- What the task requires
Look through the data below and work out how many lines hold "sale"; state only the number.

*-*-*

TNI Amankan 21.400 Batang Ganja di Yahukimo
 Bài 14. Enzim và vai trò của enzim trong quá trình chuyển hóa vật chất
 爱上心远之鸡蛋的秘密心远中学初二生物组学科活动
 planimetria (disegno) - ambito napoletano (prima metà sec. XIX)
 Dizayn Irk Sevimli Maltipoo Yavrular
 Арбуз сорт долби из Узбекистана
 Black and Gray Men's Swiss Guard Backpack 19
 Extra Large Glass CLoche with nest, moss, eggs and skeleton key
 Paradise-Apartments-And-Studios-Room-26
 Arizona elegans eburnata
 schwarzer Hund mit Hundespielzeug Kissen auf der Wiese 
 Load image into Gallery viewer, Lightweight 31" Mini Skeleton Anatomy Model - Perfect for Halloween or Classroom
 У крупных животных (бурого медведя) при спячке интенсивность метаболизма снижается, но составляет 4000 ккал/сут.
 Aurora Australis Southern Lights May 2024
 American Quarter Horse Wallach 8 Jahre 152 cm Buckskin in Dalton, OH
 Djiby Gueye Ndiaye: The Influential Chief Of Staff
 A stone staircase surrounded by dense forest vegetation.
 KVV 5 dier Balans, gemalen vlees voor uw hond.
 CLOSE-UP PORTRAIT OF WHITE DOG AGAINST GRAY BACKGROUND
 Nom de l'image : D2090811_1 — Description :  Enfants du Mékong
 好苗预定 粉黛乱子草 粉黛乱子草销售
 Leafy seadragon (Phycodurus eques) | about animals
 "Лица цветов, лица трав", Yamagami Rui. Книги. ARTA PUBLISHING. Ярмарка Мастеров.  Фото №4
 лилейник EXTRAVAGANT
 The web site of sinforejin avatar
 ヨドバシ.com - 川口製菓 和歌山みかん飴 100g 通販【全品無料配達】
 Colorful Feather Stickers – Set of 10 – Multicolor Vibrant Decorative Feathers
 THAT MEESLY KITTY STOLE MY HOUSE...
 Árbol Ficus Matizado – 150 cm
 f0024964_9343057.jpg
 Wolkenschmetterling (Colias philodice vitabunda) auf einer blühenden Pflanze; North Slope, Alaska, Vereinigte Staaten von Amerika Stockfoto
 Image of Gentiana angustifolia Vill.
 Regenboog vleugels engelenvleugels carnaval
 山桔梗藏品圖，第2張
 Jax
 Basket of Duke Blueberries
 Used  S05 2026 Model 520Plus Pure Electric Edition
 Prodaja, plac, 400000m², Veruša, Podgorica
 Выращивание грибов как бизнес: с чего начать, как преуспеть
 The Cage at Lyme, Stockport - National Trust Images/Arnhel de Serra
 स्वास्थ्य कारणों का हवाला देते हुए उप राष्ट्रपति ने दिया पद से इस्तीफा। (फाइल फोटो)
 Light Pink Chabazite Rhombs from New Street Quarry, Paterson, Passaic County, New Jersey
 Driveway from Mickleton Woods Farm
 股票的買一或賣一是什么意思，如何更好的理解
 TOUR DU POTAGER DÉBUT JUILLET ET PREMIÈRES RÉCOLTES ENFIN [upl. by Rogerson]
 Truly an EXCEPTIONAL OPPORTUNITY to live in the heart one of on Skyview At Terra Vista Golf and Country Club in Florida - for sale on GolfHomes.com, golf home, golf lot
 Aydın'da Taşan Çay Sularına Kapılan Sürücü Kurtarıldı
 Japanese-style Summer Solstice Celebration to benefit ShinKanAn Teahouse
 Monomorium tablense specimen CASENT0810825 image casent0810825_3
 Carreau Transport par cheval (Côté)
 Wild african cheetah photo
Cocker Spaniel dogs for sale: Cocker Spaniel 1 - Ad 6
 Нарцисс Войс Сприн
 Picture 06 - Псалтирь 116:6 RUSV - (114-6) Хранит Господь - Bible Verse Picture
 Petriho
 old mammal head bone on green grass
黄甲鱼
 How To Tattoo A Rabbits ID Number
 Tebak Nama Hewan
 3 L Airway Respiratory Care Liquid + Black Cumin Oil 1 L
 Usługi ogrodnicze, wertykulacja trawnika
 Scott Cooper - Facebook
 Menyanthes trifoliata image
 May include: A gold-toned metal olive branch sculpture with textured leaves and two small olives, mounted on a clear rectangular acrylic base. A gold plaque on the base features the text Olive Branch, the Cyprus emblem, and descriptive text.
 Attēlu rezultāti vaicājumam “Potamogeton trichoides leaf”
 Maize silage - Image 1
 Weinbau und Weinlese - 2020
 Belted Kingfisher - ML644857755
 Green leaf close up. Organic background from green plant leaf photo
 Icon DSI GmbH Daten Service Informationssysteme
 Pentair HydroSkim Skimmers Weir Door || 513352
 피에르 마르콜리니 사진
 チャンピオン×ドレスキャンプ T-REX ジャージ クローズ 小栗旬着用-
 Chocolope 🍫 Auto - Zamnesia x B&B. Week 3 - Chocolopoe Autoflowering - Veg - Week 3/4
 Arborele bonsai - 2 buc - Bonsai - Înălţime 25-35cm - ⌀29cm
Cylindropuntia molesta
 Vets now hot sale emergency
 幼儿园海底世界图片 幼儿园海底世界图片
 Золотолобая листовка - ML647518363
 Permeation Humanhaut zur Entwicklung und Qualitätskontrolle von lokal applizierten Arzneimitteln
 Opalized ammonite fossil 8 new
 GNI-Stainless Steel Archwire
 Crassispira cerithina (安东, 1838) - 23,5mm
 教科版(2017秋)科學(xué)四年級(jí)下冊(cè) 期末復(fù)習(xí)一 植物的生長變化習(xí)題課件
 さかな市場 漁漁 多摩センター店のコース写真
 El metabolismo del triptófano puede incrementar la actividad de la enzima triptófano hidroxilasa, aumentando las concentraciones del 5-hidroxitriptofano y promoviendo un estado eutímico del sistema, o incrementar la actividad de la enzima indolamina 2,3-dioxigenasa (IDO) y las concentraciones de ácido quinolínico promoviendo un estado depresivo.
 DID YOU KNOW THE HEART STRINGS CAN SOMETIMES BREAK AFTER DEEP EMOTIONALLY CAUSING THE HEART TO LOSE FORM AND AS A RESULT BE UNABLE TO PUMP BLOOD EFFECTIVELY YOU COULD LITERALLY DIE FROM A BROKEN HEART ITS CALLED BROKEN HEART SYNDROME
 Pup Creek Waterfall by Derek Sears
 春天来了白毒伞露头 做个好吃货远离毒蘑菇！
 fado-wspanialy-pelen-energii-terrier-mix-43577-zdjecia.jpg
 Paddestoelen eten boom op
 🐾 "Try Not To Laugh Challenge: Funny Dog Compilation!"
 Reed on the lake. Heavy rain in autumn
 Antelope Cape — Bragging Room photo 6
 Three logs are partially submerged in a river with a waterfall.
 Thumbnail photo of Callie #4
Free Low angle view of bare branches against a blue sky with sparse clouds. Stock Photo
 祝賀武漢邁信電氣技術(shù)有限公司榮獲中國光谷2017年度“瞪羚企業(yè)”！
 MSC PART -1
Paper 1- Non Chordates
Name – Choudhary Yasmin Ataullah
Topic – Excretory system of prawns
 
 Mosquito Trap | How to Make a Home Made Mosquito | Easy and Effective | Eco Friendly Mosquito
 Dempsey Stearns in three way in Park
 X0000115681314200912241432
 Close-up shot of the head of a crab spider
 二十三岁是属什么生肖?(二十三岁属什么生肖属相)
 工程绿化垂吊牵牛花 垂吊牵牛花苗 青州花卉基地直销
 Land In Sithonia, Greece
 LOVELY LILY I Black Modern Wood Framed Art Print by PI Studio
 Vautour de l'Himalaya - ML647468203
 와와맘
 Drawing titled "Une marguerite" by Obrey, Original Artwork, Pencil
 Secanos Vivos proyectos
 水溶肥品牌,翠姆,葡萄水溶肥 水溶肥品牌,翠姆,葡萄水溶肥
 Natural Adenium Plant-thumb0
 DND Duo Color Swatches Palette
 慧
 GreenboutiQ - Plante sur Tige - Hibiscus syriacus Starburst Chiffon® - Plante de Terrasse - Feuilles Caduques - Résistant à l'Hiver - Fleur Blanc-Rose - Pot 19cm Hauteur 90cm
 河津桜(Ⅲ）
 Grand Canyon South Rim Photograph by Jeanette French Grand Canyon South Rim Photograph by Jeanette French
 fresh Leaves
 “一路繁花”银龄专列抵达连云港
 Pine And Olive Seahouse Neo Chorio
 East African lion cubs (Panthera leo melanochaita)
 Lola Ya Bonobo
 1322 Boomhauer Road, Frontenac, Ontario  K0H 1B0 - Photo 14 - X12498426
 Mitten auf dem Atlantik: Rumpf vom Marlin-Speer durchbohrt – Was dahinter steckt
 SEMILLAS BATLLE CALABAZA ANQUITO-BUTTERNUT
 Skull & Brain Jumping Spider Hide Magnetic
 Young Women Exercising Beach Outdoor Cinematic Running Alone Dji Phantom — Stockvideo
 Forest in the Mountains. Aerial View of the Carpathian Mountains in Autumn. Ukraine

*-*-*

- Answer space
3